## Work to complete
The listing below holds a line with "424 Harbour View Drive, Chesnee, SC 29323" and a line with "Calypso ,wrap /sweater". Reproduce those two lines exactly, plus everything between them.

-- Task inputs follows --

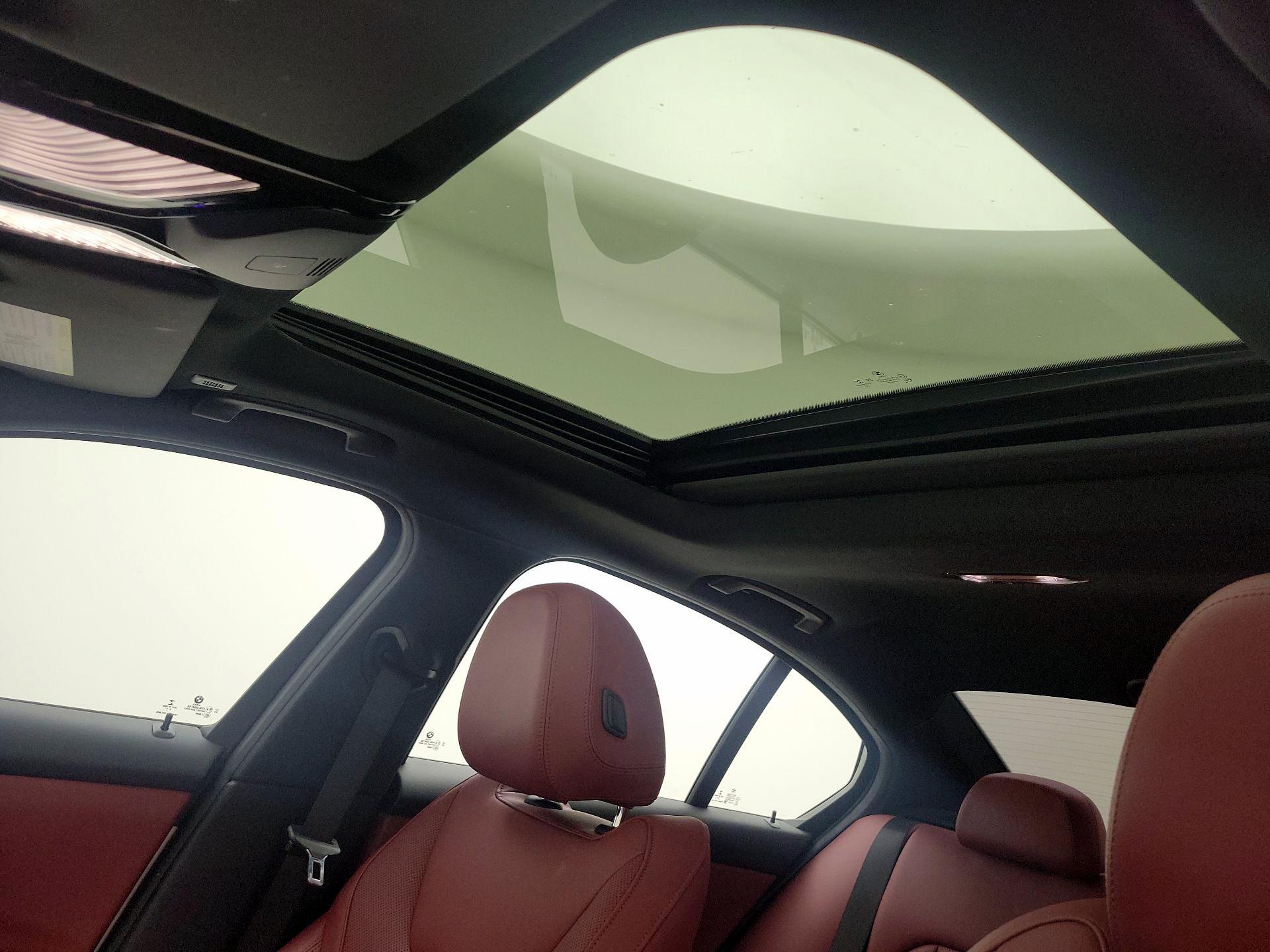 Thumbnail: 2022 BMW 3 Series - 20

-- Task inputs concluded --
-- Task inputs follows --

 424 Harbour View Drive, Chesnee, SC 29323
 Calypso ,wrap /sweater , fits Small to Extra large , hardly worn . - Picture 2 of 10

-- Task inputs concluded --

## Answer
 424 Harbour View Drive, Chesnee, SC 29323
 Calypso ,wrap /sweater , fits Small to Extra large , hardly worn . - Picture 2 of 10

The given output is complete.